The senior jumped into the passing lane on back-to-back possessions, registering two steals that led to a layup and Breein Tyree triple that shaved the margin to one. Ole Miss took the lead a possession later and ended the game on a 19-9 run to secure its first victory in over two weeks, pulling one out of the fire in what would have been a devastating defeat.
“He put us on his shoulders tonight,” head coach Kermit Davis said. “He has been terrific in practice the last two days. We had some toughness things in practice and he didn’t flinch. When the game got going a little sideways, he was the guy that made all the plays.. He was good. Good for TD. A guy with that kind of experience in these kind of games, he played like a desperate senior tonight.”

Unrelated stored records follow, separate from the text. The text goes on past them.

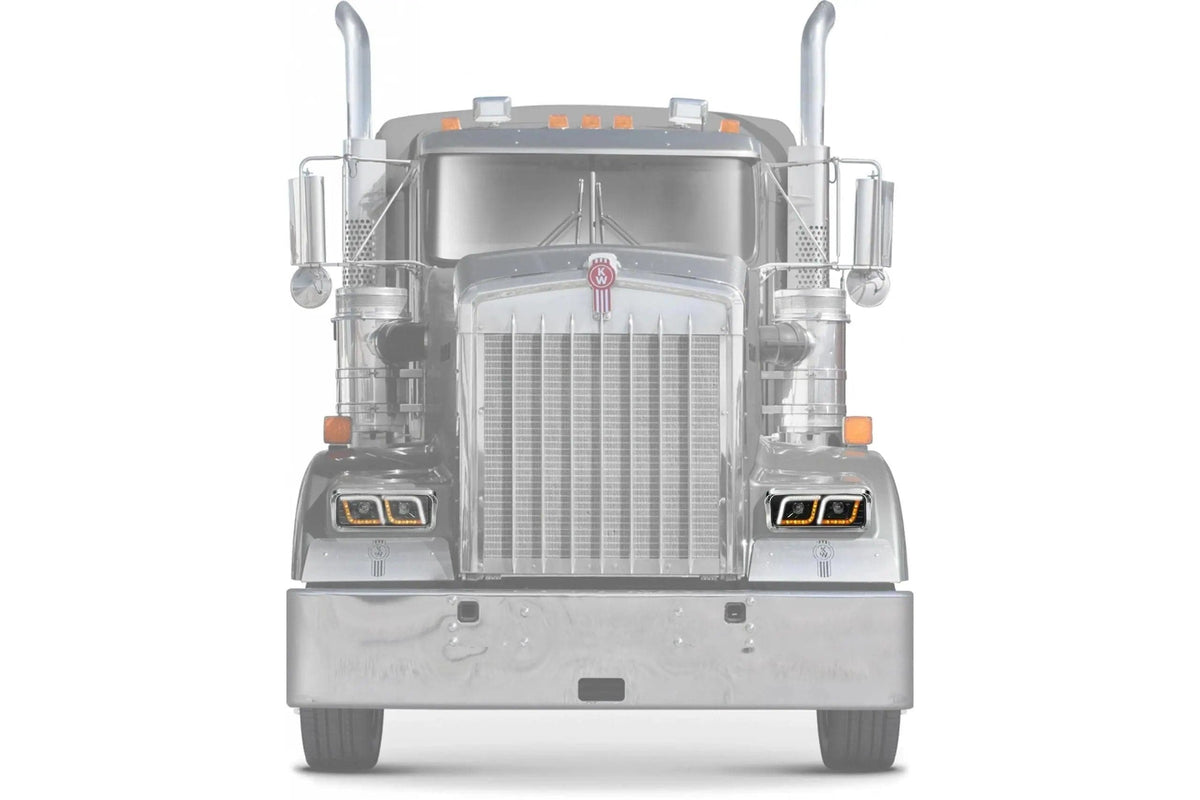 KOZAK LED DRL DUAL Black Projector Headlight (Driver Left Side) for FREIGHTLINER CLASSIC PLUS Logo, Windshield Wipers and Vest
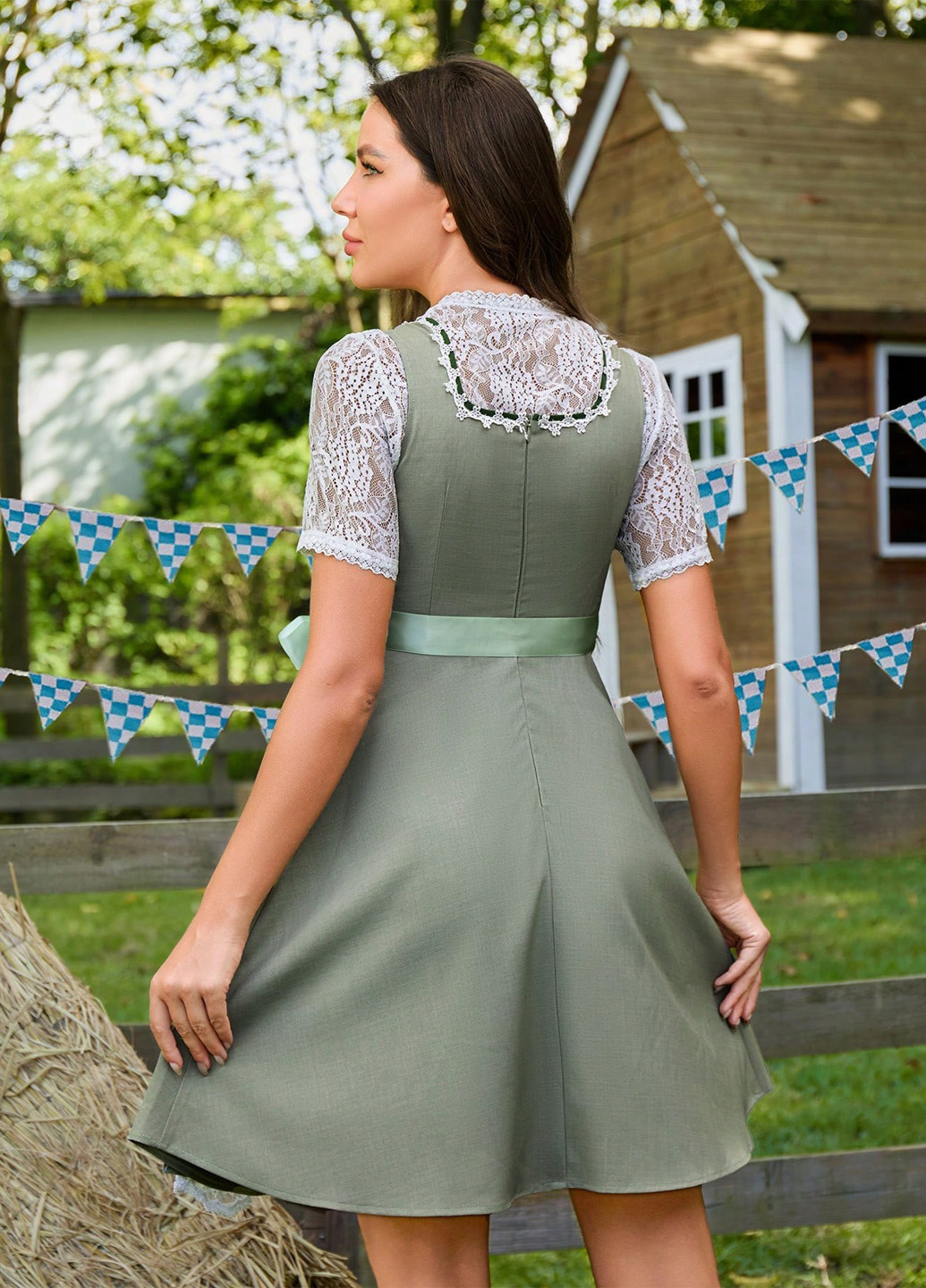 Сіро-зелена кежуал сукня кльош SHEIN однотонна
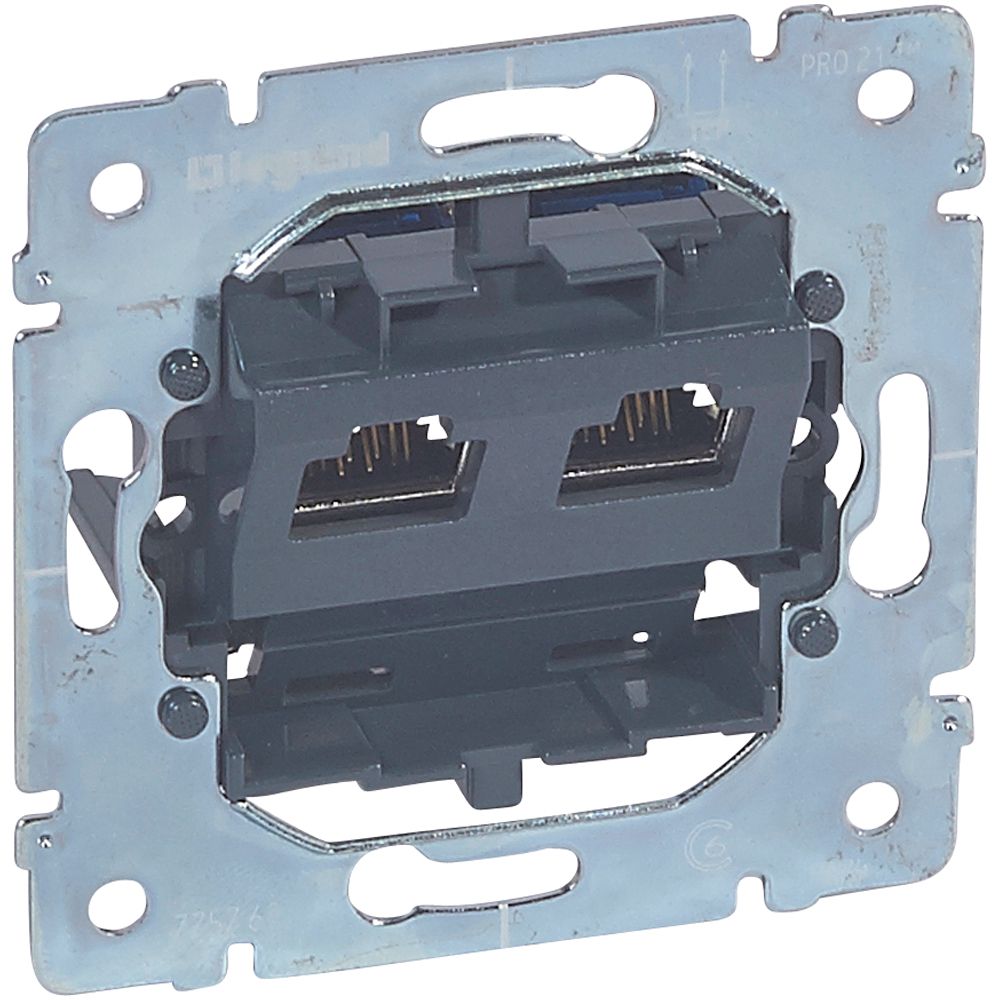 Einsatz RJ45 STP 2-Fach K Anschlussdose Cat6 AP-Mont 2xRJ45 8(8) Kanaleinb ger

This game had the makings of disaster for Ole Miss. The gym was half full in preparation for an early weeknight tipoff against a team that is now 1-8 in the SEC, and a deficit that reached nine in the second half. Oh, and an ailing coach. Kermit Davis fell ill before the game and actually missed the first couple minutes of the second half. He returned to the bench eventually and pressed on despite being under the weather.
Ole Miss shot 41 percent from the field in this game, got out-rebounded by five and gave up 15 second chance points. Wendell Mitchell scored 23 for A&M and tormented the Rebels as they had no answer. The Aggies led by nine with 12 minutes left, but the Rebels managed to gut one out, primarily through sequences like Terence Davis’ with five minutes left. Ole Miss scored 31 points off turnovers, the difference in moving to 5-4 in the SEC at the halfway mark and coping with its fifth straight defeat.

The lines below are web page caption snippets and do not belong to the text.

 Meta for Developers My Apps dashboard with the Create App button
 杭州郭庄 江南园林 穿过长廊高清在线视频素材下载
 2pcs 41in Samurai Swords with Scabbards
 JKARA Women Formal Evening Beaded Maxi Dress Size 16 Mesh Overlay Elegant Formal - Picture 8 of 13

“We were desperate and needed a win,” Kermit Davis said. “It was hard fought and much needed for the Rebels tonight.”
Breein Tyree scored 22 on 7-of-15 shooting. Terence Davis added 19 with eight rebounds, five assists and a career-high seven steals.
Keep in mind, this is largely the same team that folded in adverse conditions a year ago en route to a 12-20 record and a coaching change. That fragility seems to have faded. Tyree, Davis and Devontae Shuler — a trio that leads the club in more ways than one— had a meeting with Kermit Davis after the Mississippi State loss to asses why this team had lost four in a row and five of six.

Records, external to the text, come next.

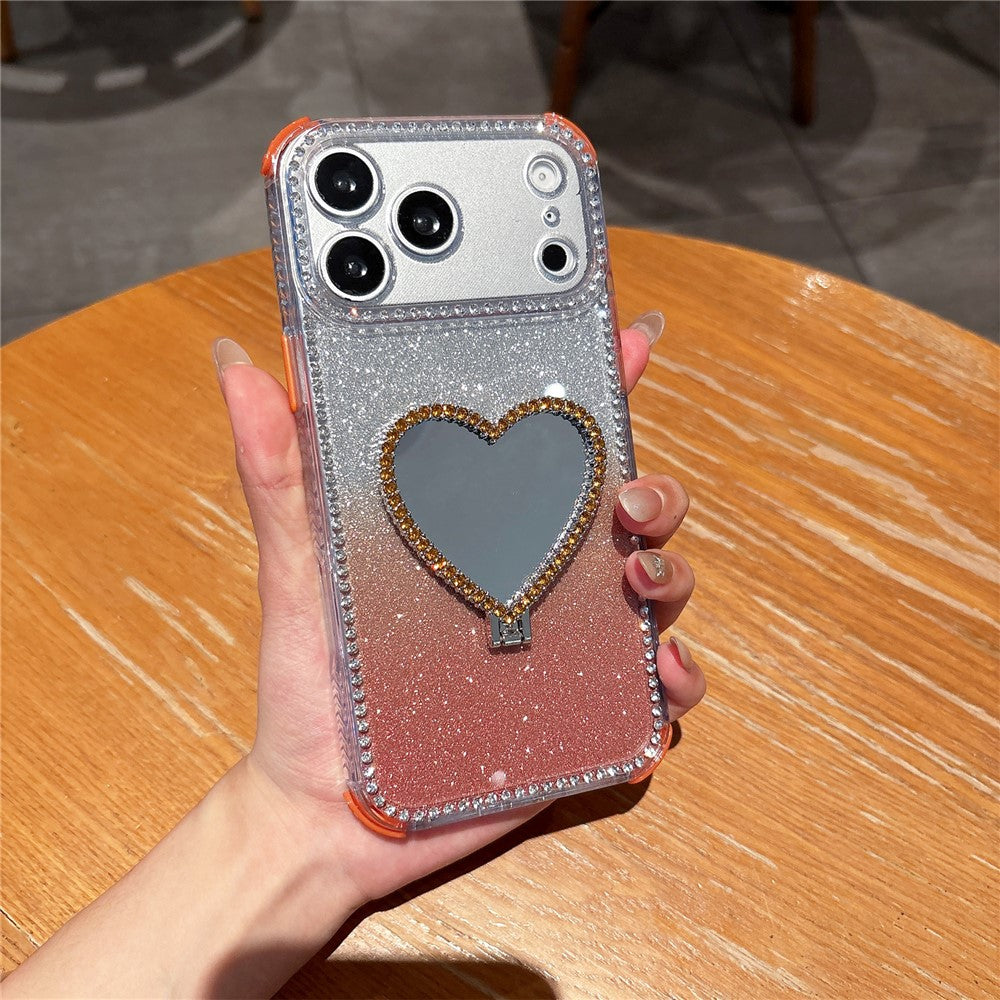 For iPhone 17 Pro Max Case with Heart Shape Kickstand 2 in 1 Rhinestone Glitter PC TPU Shockproof Cover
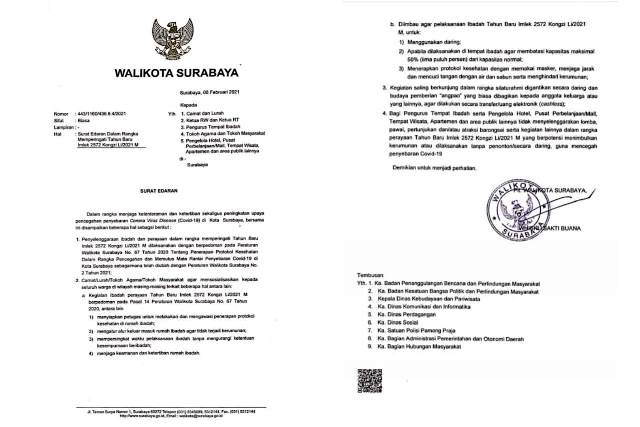 Lindungi Warganya dari Pandemi di Tahun Baru Imlek 2572, Pemkot Surabaya Terbitkan Surat Edaran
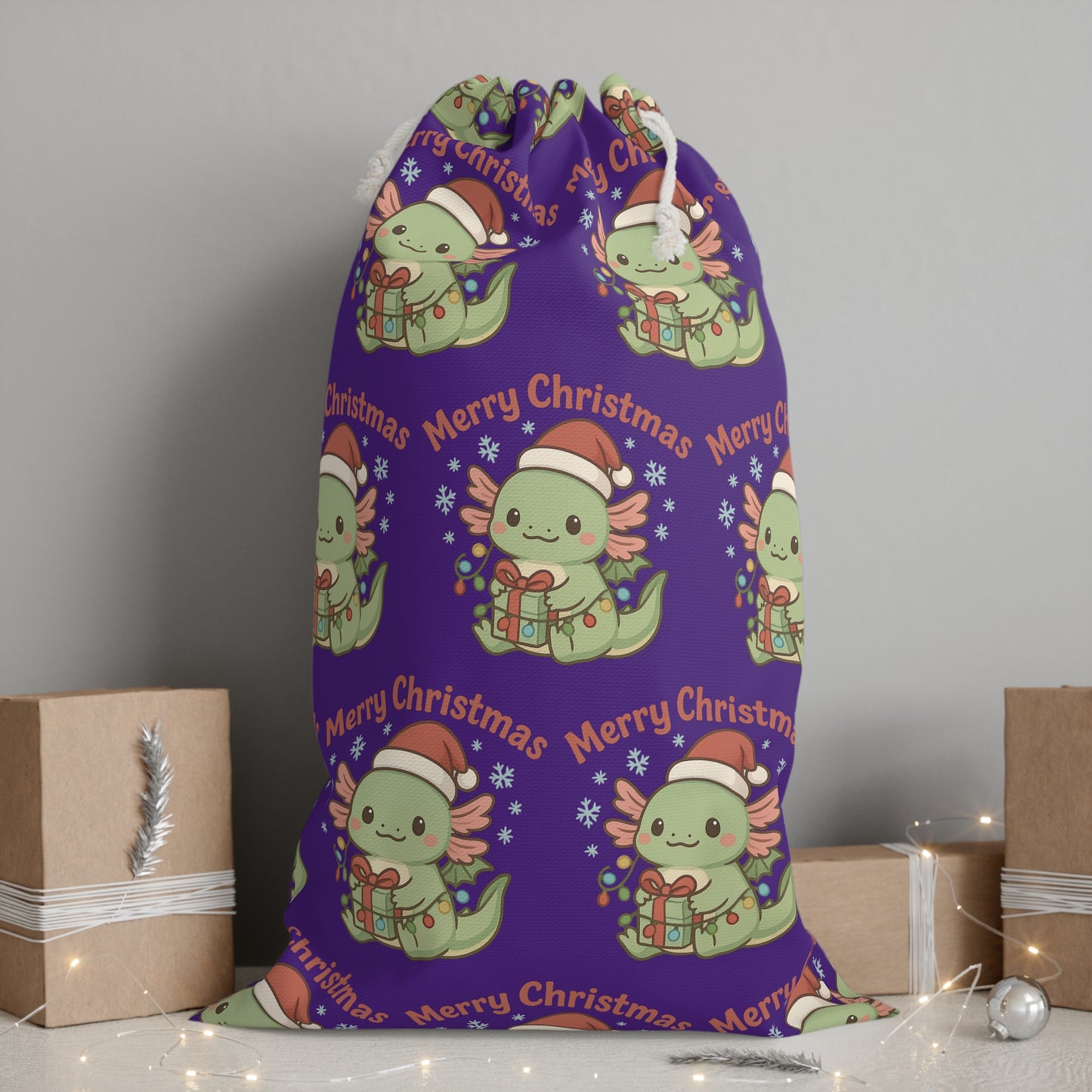 Christmas Axel Gift Sack with Cute Holiday Design, Merry Christmas Ideas, Santa Delivery Bag, Festive Storage, Christmas Decor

“He told us what he needed out of us, what more he needed out of us,” Terence Davis said. “Tonight, I wanted to accept the challenge and do what I needed to do.”
The trio met on their own after leaving the meeting with their head coach, sensing the team was at a bit of a crossroads in the doldrums of late January and early February. The losing skid had become substantial.
“We told each other what we needed out of each other and what we needed to limit,” Terence Davis said. “It was a real conversation that was much needed.”
It’s an ugly brand of basketball Ole Miss has played the last two weeks, but it sits in good position despite it. The Rebels are 15-7 and above .500 in the SEC, a place most didn’t think they’d be at this point. The schedule remains forgiving for another week-and-a-half before a brutal finishing stretch.
This team still has its fair share of issues. It gets killed on the glass. Dominik Olejniczak and Bruce Stevens combined for seven rebounds a game after the pair did not register a defensive board. Kermit Davis couldn’t play Bruce Stevens much in the second half because the Aggies were killing Ole Miss around the rim.
“Every time Bruce came in the game, (Josh Nebo) ran out and dunked the ball on us,” Kermit Davis said. “We played Dom because of his toughness. He made some great verticality plays at the end. It was better. We are still a work in progress.”
But nevertheless, the team is 5-4 at the halfway point of SEC play, thanks to pulling out a win that didn’t come easy, particularly given the catastrophic consequences a loss would’ve brought with it.
“I was proud of our team,” Kermit Davis said. “In the second half, we held them to 39 percent. I thought it was more toughness and contested shots.”